> What the task asks:
In the records below, find the line containing "Krevet s oprugama" and the line containing "Logitech M187 Wireless". Give again exactly those lines and every line between them, omitting the pictures.

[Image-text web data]
------------------------------
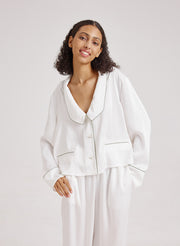 Statement Collar Cropped Pajama Top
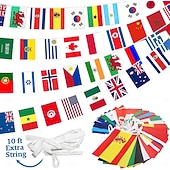 billige Verdensmesterskap i fotball 2026-Sett med 100 land flaggbanner - 24,5 meter 2026 fotball sommer global kamp internasjonale verdensflagg flaggstrøk slitesterke mini polyesterflagg for festdekorasjoner, klasserom, sportsarrangementer
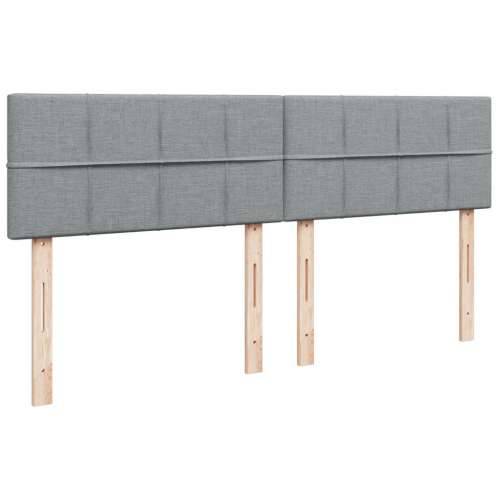 Krevet s oprugama i madracem svjetlosivi 180x200 cm od tkanine - Svjetlosiva 180 x 200 cm Blok s kvadratima Cijena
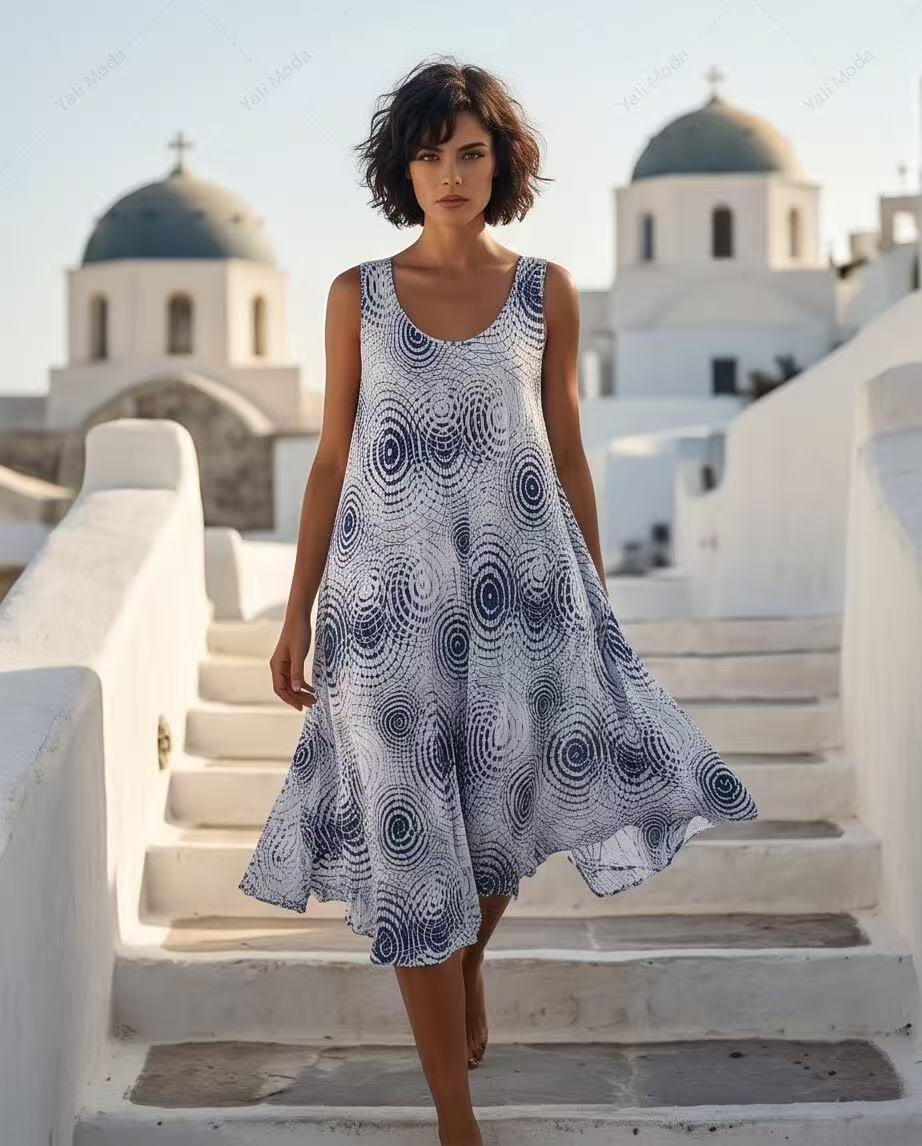 Wholesaler YALI MODA - Sleeveless Dress with Modern Circle Pattern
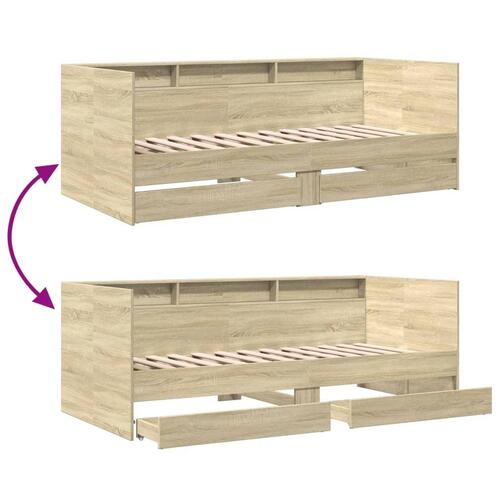 Daybed med skuffer uden madras 90x200 cm sonoma-eg
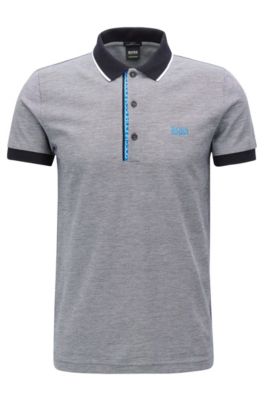 BOSS - Slim-fit long-sleeved polo shirt with woven pattern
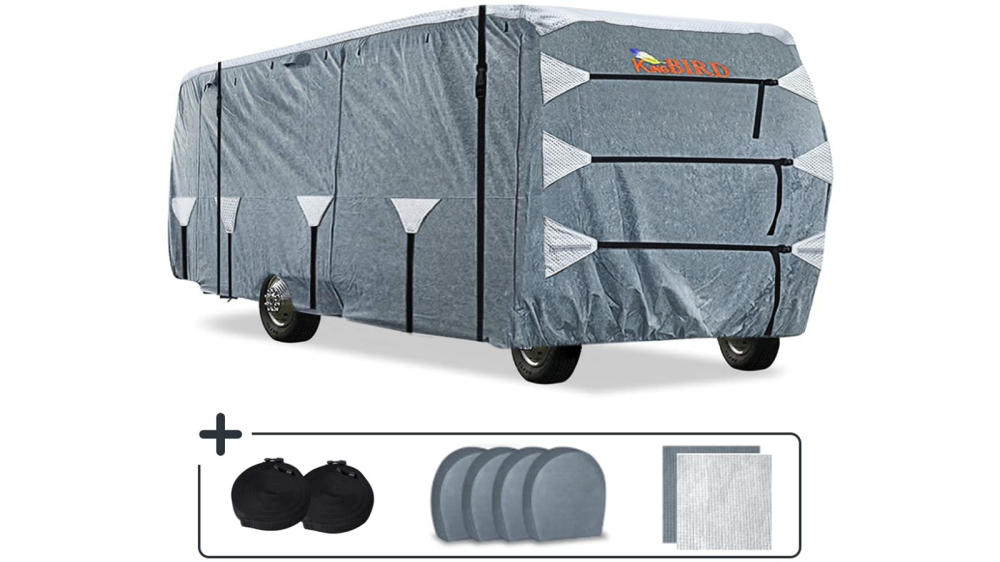 Gray RV cover, completely in place. On bottom row several accessories are shown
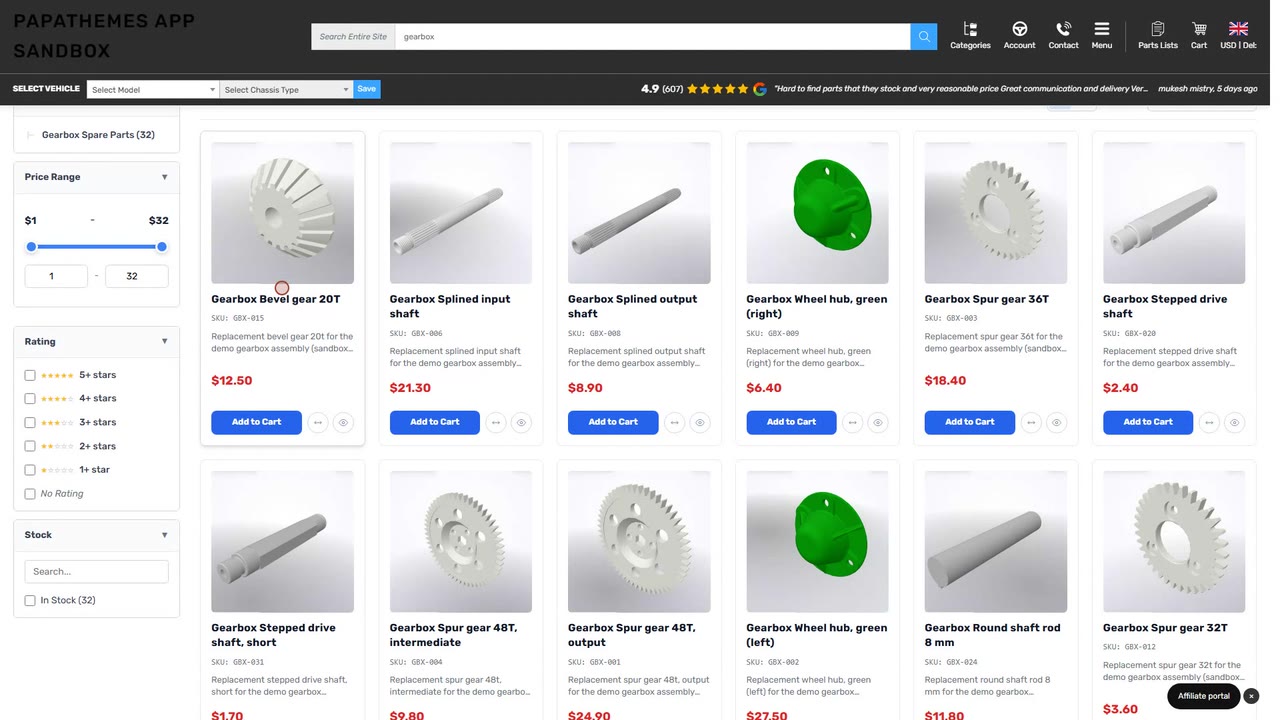 A search for gearbox on the storefront: the boosted bevel gear is first and a hidden product is gone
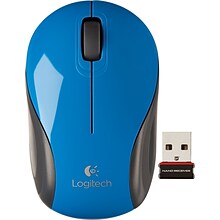 Logitech M187 Wireless Ambidextrous Optical Mouse, Metallic Blue (910-002728)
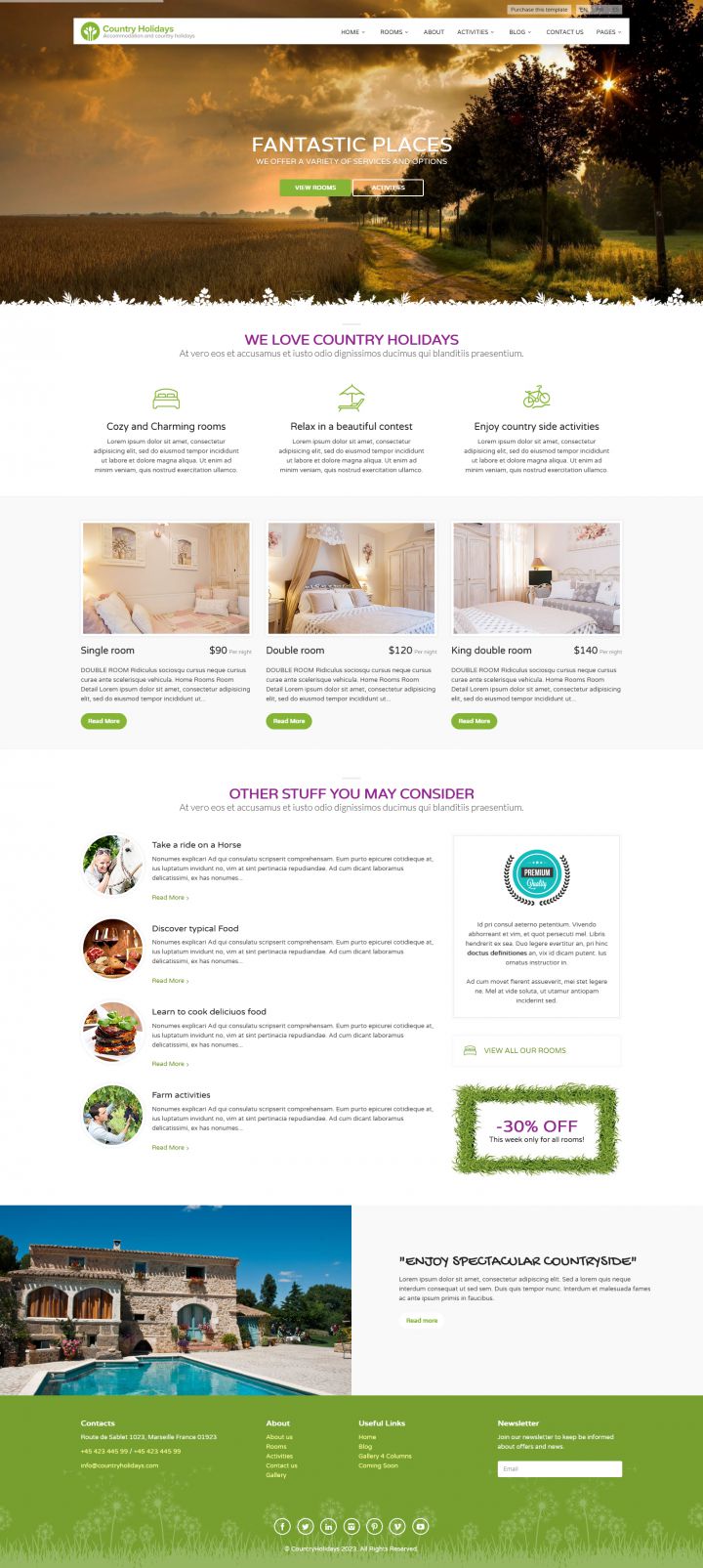 WordPress шаблон ThemeForest CountryHolidays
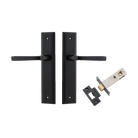 Door Lever Annecy Stepped Latch Matt Black H240xW50xP65mm Passage Kit Tube Latch Split Cam 'T' Striker Matt Black Backset 60mm in Matt Black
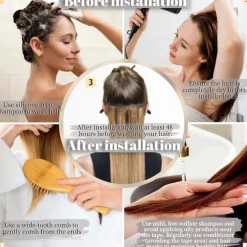 YDDM Tape Extensions Echthaar Balayage Braun 40cm 80g Dunkelbraun mit Chestnut
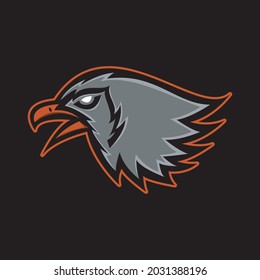 A very fierce and modern eagle head logo that is perfect for e-sports team logos and for other sports team logos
------------------------------
> Answer to the problem:
 Krevet s oprugama i madracem svjetlosivi 180x200 cm od tkanine - Svjetlosiva 180 x 200 cm Blok s kvadratima Cijena
 Wholesaler YALI MODA - Sleeveless Dress with Modern Circle Pattern
 Daybed med skuffer uden madras 90x200 cm sonoma-eg
 BOSS - Slim-fit long-sleeved polo shirt with woven pattern
 Gray RV cover, completely in place. On bottom row several accessories are shown
 A search for gearbox on the storefront: the boosted bevel gear is first and a hidden product is gone
 Logitech M187 Wireless Ambidextrous Optical Mouse, Metallic Blue (910-002728)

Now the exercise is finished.